While President Donald Trump has directed his ire at the Federal Reserve for the recent stock market decline, he also has himself to blame.

The president’s escalating trade battle with China has added another layer of uncertainty to the nervousness caused by rising interest rates.

While the tariffs’ impacts have yet to be felt as they have just been implemented, there’s fear spreading that when company executives deliver their outlooks soon, the news won’t be good. That’s compounding fear that already has rippled through the financial world that after years of being dormant, inflation is finally on the prowl.

“The earnings are going to come in pretty much in line,” said Michael Cohn, chief investment strategist at Atlantis Asset Management. “The forward guidance is going to be much worse than it’s been over the last three or four quarters. It’s going to be horrific. That’s going to flatline the market for the most part.”

Trump has gradually ramped up the rhetoric against the U.S. central bank.

Back in July, when stocks were on a run higher, Trump said he was “not thrilled” with the Fed’s rate hikes and was worried they would derail the economic momentum built up during his time in office. This week, with stocks on a losing streak and the Dow struggling to stay positive for the year, the president called the Fed “loco” and Thursday blamed it for the stock market tanking.

That’s not completely fair, though, market watchers say.

“It’s probably the combination” of tariffs and rising rates, said Zachary Karabell, a longtime market pro and former head of global strategy at Envestnet. “Either in and of itself wouldn’t necessarily derail what’s going on. But the two together, along with midterms, are probably enough to make people somewhat skittish.”

Indeed, the two items feed into the same inflation narrative.

The Fed is raising rates in part simply to normalize after seven years of near-zero rates following the financial crisis, and to stave off inflation even though central bank officials acknowledge that it remains in check for now.

Tariffs factor in because they are inherently inflationary, raising the costs of goods and impacting corporate bottom lines. Corporate earnings reports have been trickling in so far, and companies have been largely getting punished badly for misses. Those that have reported have seen an average 3.8 percent share price decline on reporting day, according to Bespoke Investment Group.

Earnings season kicks into full gear Friday with reporting from the big Wall Street banks.

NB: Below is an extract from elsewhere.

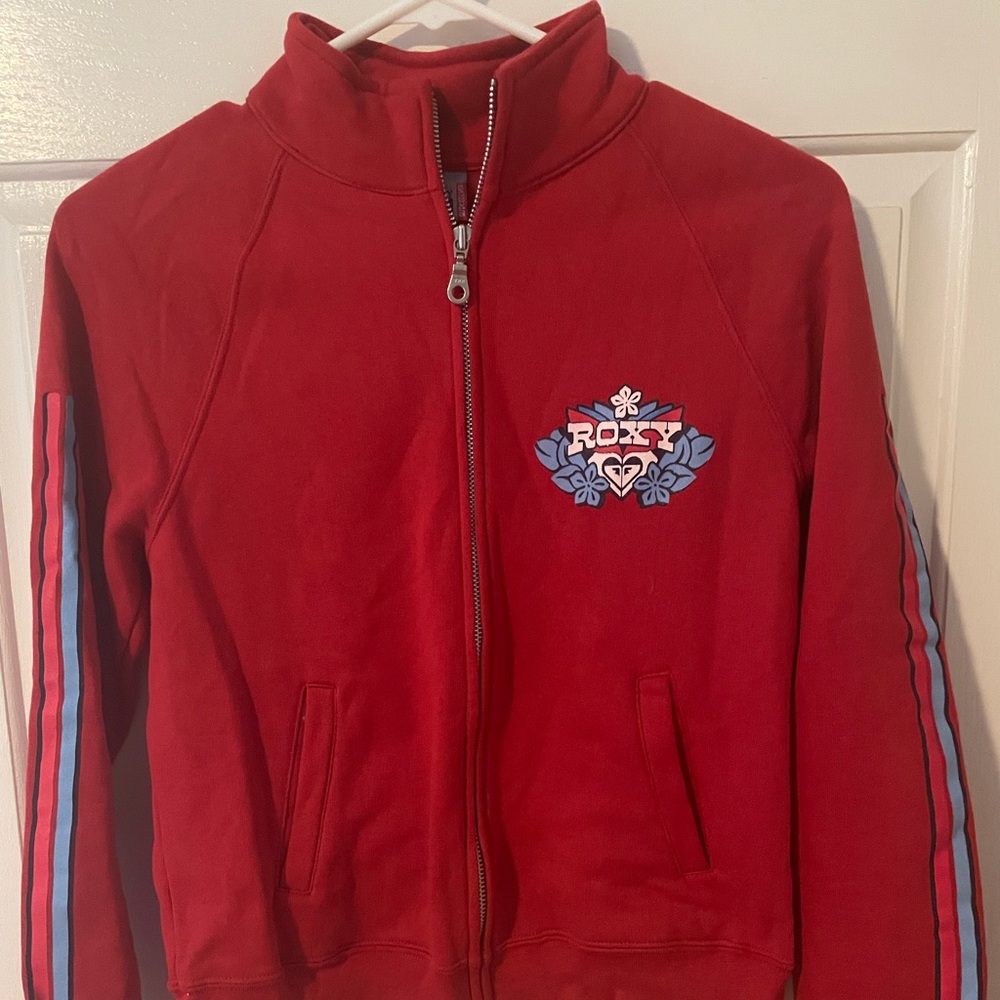 Vintage Roxy Red Zip-Up Hoodie with Blue Accent Stripes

“What the market is really fretting about and is going to fret about for a while is inflation,” Cohn said. “The Fed will get to the point where they squash inflation, but it’s going to take time and the market’s going to do another flatline in 2019.”

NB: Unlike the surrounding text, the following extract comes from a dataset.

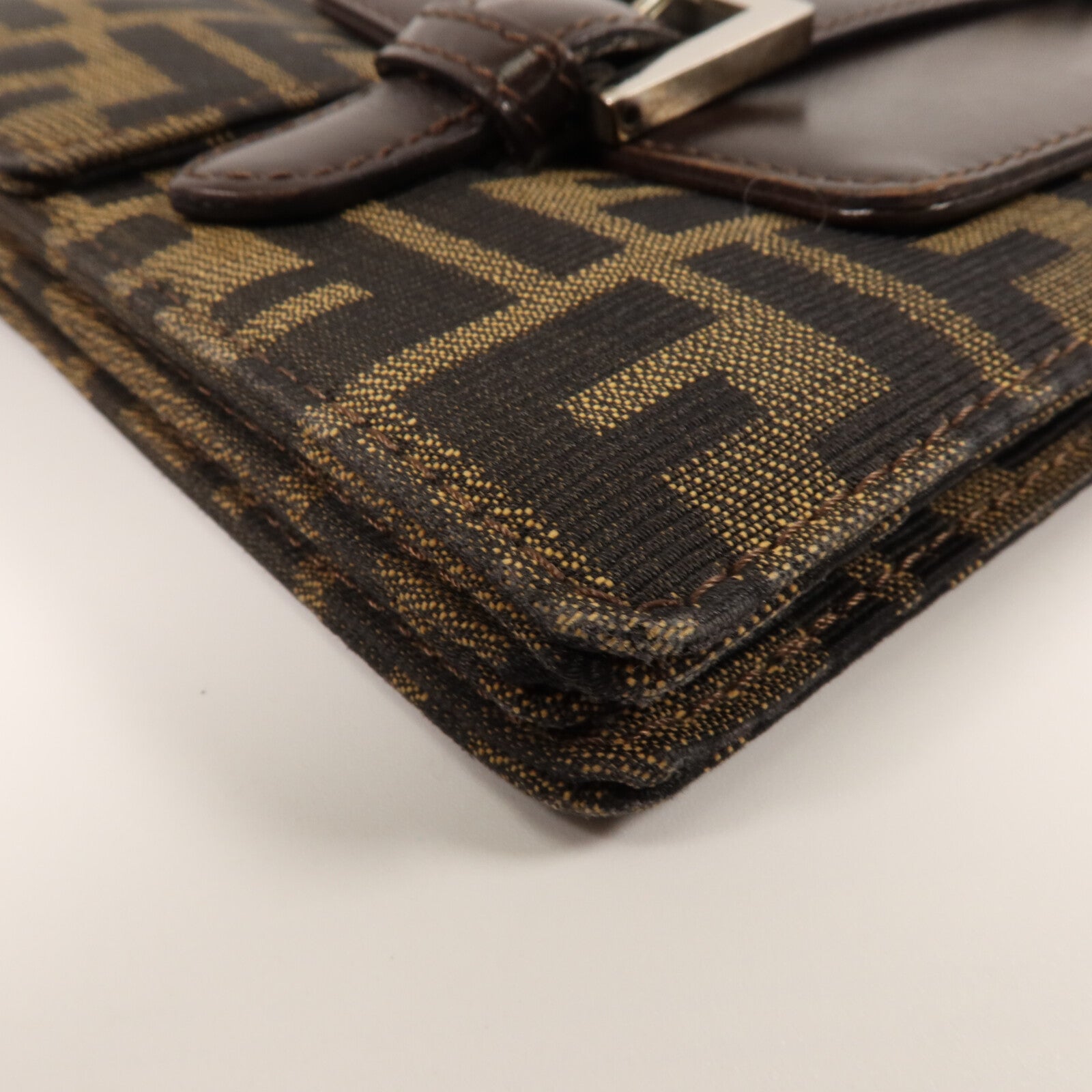 FENDI 帆布Zucca肩背袋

The tariff situation, in the meantime, will be a significant obstacle for companies in a variety of sectors.

Moody’s Investors Service is warning that the back-and-forth between the U.S. and China will impact investments and raise tensions. The ratings firm predicts that “significant sector and regional impacts are likely, including unintended consequences on domestic supply chains.”

“Industries that will use more expensive imported or domestically produced inputs will be hurt,” Elena Duggar, chair of Moody’s Macroeconomic Board, said in a statement. “Moving production chains will be costly and rising uncertainty will affect investment.”

Tariffs will negatively impact credit for U.S. retail and wholesale distributors of furniture, home goods, electronics, hardware and appliances that take goods from China, the ratings agency said. In addition, the impact of tariffs in intermediate goods will hit the construction, transportation, telecommunications and machinery manufacturing industries.

Finally, limits on exports and investments with Chinese companies could impact the tech industry, particularly semiconductors, Moody’s added.

“That’s significant but it hasn’t happened yet. So whatever’s happening right now is anticipatory,” Karabell said. “The specter of it is enough for people to go ‘wait a minute.'”

Markets took another beating Thursday, with the Dow industrials off more than 500 points in late-afternoon trading as investors continued to worry that more damage could be ahead.

“”While tensions over widespread protectionism have faded as talks have been scheduled and some deals have been struck, U.S.-China tensions have escalated,” Jeffrey Kleintop, chief global investment strategist at Charles Schwab, said in a statement. “A deal is still possible, but so is escalation.”